Mi unisco toto corde a questa scia di elogi. Ho avuto la fortuna di conoscere da vicino Gillo Dorfles e di apprezzarne le virtù. Protagonisti così ricchi, intelligenti e generosi di sé, sono oggi delle perle rare, e forse addirittura rarissime se si considera il suo stile schivo di comportamento, senza una traccia di presunzione e di compiacimento egoistico, anzi piuttosto defilato e insofferente alla luce dei riflettori. Vorrei qui aggiungere solo qualche aspetto non secondario della sua interminabile biografia.

Quando l’ho incontrato, all’inizio degli anni sessanta, era molto prossimo a Enzo Paci e alla rivista “aut aut” fondata dieci anni prima. Anzi, bisognerebbe ricordare quanta importanza avevano i temi artistici in quella prima fase della rivista, e non è certo un caso che Dorfles vi appare subito nel ruolo di caporedattore e riversa sulle pagine di “aut aut”, allora mensile, un’attività senza sosta di analista attentissimo ai diversi fenomeni artistici di quel tempo.
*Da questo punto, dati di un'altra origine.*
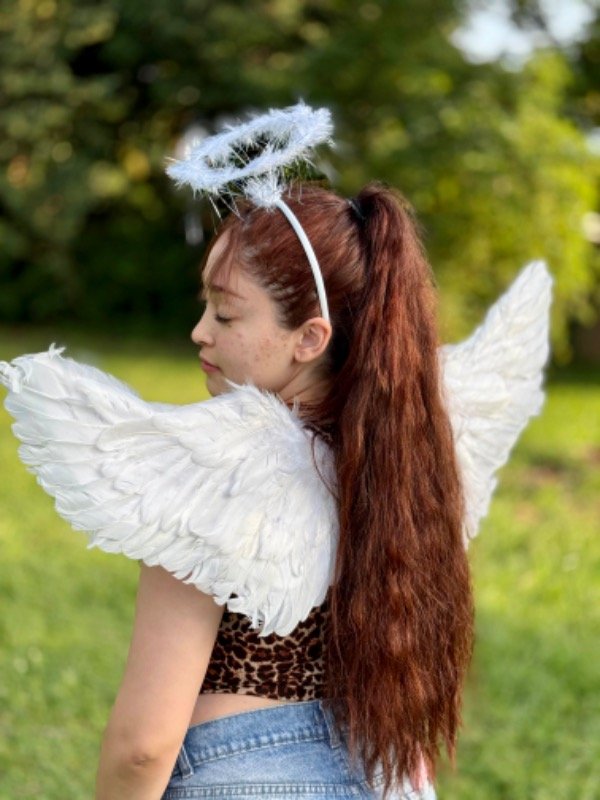 Producto - ALAS + AUREOLA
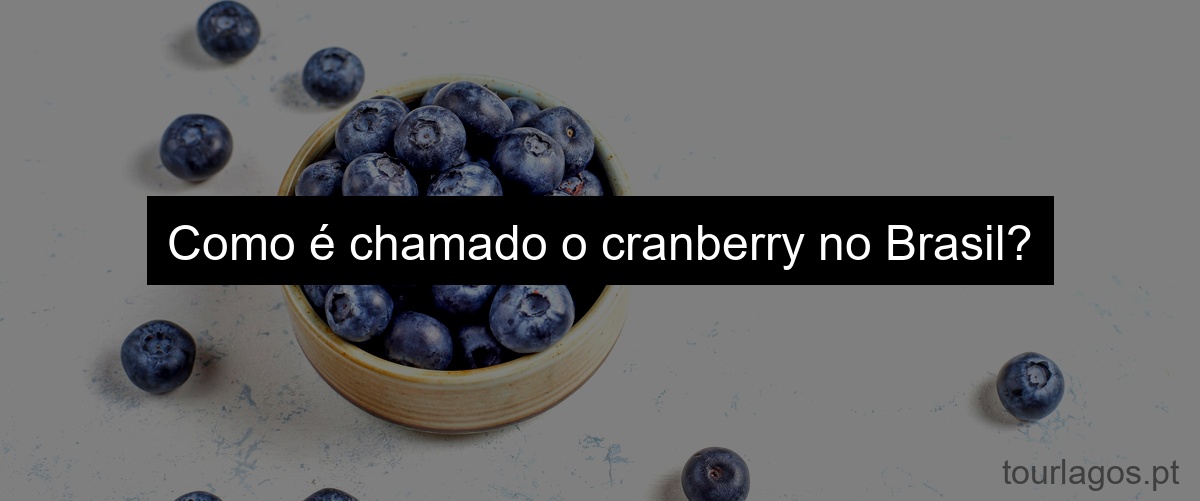 Como é chamado o cranberry no Brasil?
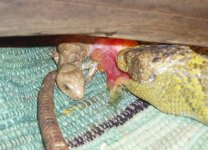 baby #1-39gm.jpg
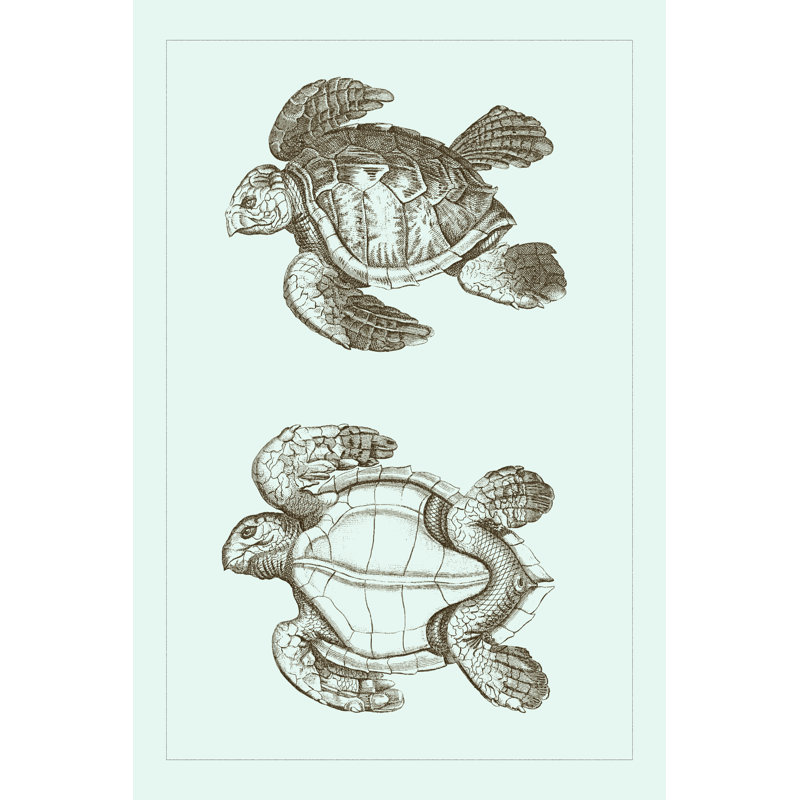 Tortue caouanne II, H 36 po x l 24 po x P 1,25 po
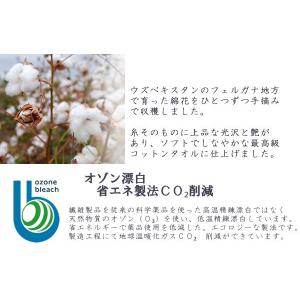 ラッピング付き 今治タオル ギフト 手摘みコッ...の詳細画像3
Con Paci aveva stabilito una vera sintonia, che comunque non gli impediva talora di sospettare di un uso troppo marcato della fenomenologia (e lo dirà con la consueta chiarezza quando più tardi dedicherà a Paci un appassionato omaggio in cui lo definisce “maestro” – cfr. “aut aut”, 214-215, luglio-ottobre 1986).

Ma ciò che voglio anche ricordare, e che mi sembra sia stato lasciato finora un po’ in ombra, è il Dorfles insegnante di cui ho fatto direttamente esperienza a Milano e che poi ho ritrovato a Trieste, io giovane collega, lui che mi aveva aiutato – senza mai nulla chiedermi – a trovare un’occasione di insegnamento dopo la scomparsa di Paci, e che addirittura mi propose di dividere con lui la propria stanza-ufficio all’università. In tutto quel periodo, fino al suo pensionamento, ho avuto modo di capire che la vita accademica poteva essere ben diversa da quel luogo di gelosie, conflitti, accaparramenti, ossessioni da concorso, che quotidianamente si rivelava ai miei occhi forse troppo ingenui. Con una posatezza, alla quale non veniva mai meno (pur talora arrabbiandosi, come capita a ciascuno), Dorfles mi insegnò in che modo si poteva insegnare, con passione ma senza travalicare mai i limiti richiesti dalla professione del docente. A lui riusciva facile e gli studenti lo adoravano perché li accompagnava senza traumi, lezione dopo lezione, a percorrere alcuni sentieri del sapere. Mentre uno come me, che voleva bruciare i tempi, faceva molta fatica…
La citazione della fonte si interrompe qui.